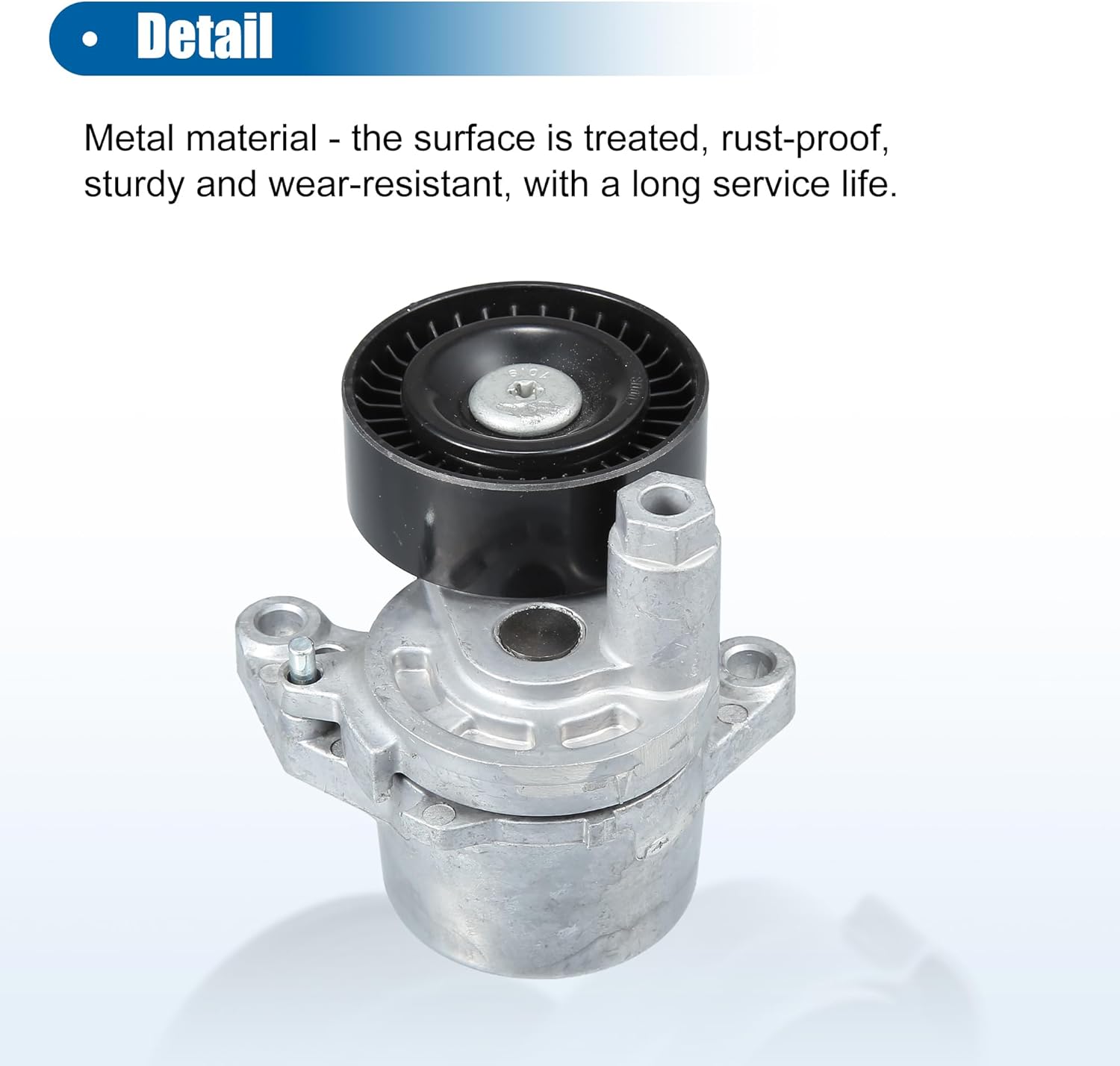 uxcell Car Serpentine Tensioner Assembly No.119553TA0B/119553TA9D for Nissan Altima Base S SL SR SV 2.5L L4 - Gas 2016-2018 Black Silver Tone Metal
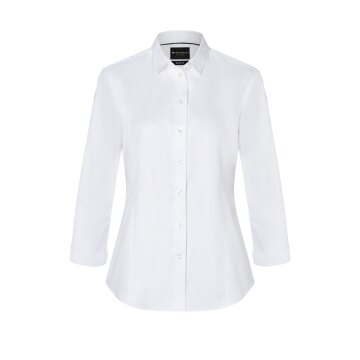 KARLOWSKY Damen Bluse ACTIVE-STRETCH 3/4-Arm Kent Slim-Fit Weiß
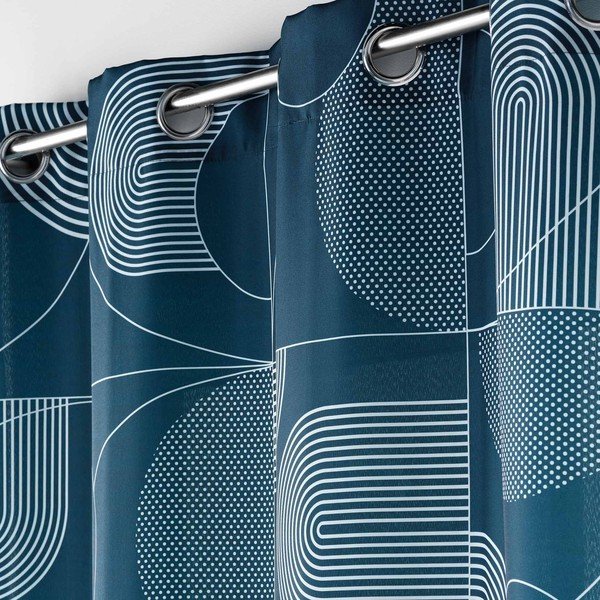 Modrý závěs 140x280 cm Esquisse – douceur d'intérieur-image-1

◆ ◆ ◆ ◆ ◆ ◆ ◆

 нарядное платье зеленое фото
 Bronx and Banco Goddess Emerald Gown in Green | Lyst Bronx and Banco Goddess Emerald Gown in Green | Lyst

◆ ◆ ◆ ◆ ◆ ◆ ◆

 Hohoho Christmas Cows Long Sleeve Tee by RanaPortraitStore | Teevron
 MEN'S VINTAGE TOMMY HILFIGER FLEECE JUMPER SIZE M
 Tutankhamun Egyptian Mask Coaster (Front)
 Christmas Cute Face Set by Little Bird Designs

◆ ◆ ◆ ◆ ◆ ◆ ◆

**WHAT THE TASK ASKS**
Give the lines above again exactly, from the one containing "KARLOWSKY Damen Bluse" to the one containing "Modrý závěs 140x280 cm Esquisse", both included, but leave out the pictures.

**ANSWER FOR THE TASK**
 KARLOWSKY Damen Bluse ACTIVE-STRETCH 3/4-Arm Kent Slim-Fit Weiß
 Modrý závěs 140x280 cm Esquisse – douceur d'intérieur-image-1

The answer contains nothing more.